Giovanni Battista Bugatti (1779–1869) was the official executioner for the Papal States from 1796 to 1864. He was the longest-serving executioner in the States and was nicknamed Mastro Titta, a Roman corruption of maestro di giustizia, or master of justice. At the age of 85, he was retired by Pope Pius IX with a monthly pension of 30 scudi.

Biography 
Bugatti's career in charge of executions lasted 68 years and began when he was 17 years old, on 22 March 1796; and lasted until 1864. Up until 1810, the method of execution was beheading by axe, hanging or mallet. The French introduced the use of the guillotine, which was continued after the Papal States regained their sovereignty (the first Papal guillotining occurred in 1816) until the last executions. Over the 68 years he worked as official executioner, Bugatti carried out a total of 514 executions, an average of 7 per year (in his notebook, Bugatti noted 516 names of executed but two prisoners are subtracted, one because he was shot and the other because he was hanged and quartered by the adjutant).

Bugatti is described as being short and portly, and always well dressed. He frequented the church Santa Maria in Traspontina. He was married but had no children. When not carrying out his official duties, Bugatti and his wife sold painted umbrellas and other souvenirs to tourists.

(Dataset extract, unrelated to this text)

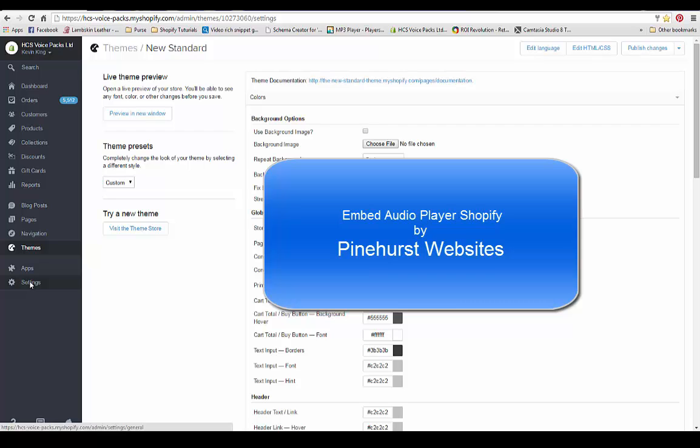Hello, this is Kevin King with Pinehurst Websites and I'm going to show you how to embed audio files with a player on Shopify.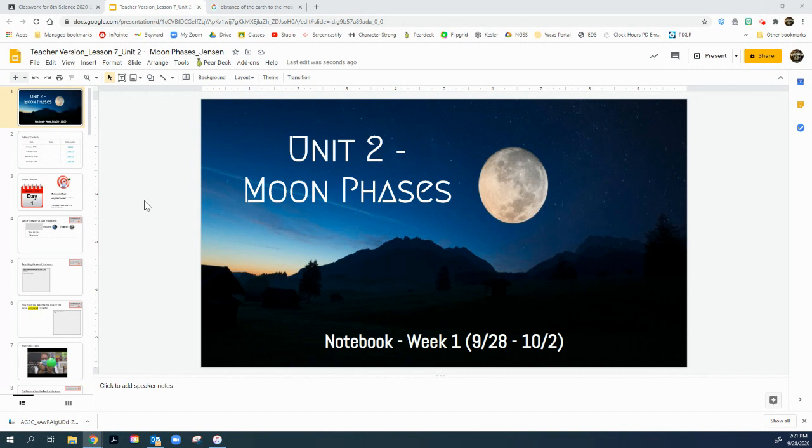We're going to look at Lesson 7. This is the lesson found in the Google Drive under Week 5. This is Lesson 7, and I'm going to take you through Monday, which is our first day.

He referred to his executions as justices and the condemned as patients.

He could not leave the Trastevere neighborhood unless on official business. Officially this was for his own protection, in case relatives of those he had executed decided to take revenge against him. Unofficially it was probably due to superstition regarding his part-time job. On his crossing the bridge, the residents of Rome were alerted that an execution was about to take place and people would gather to witness the popular event.

One of his executions, carried out on 8 March 1845, was described by Charles Dickens in his work Pictures from Italy (1846).

His blood-stained clothes, axes and guillotines are on display at the Museum of Criminology at Via del Gonfalone in Rome. The guillotine is of a very peculiar build, with straight blade and V-shaped neck-piece.

The Church and the Death Penalty
The application of the death penalty within the Papal States (and beyond on the recommendation of ecclesiastical administrators) and its justification have a long history. Most notorious in this regard was the action of the Inquisition in its struggle against alleged heretics. Other suspects such as highwaymen and murderers were also sentenced to death by ecclesiastical courts.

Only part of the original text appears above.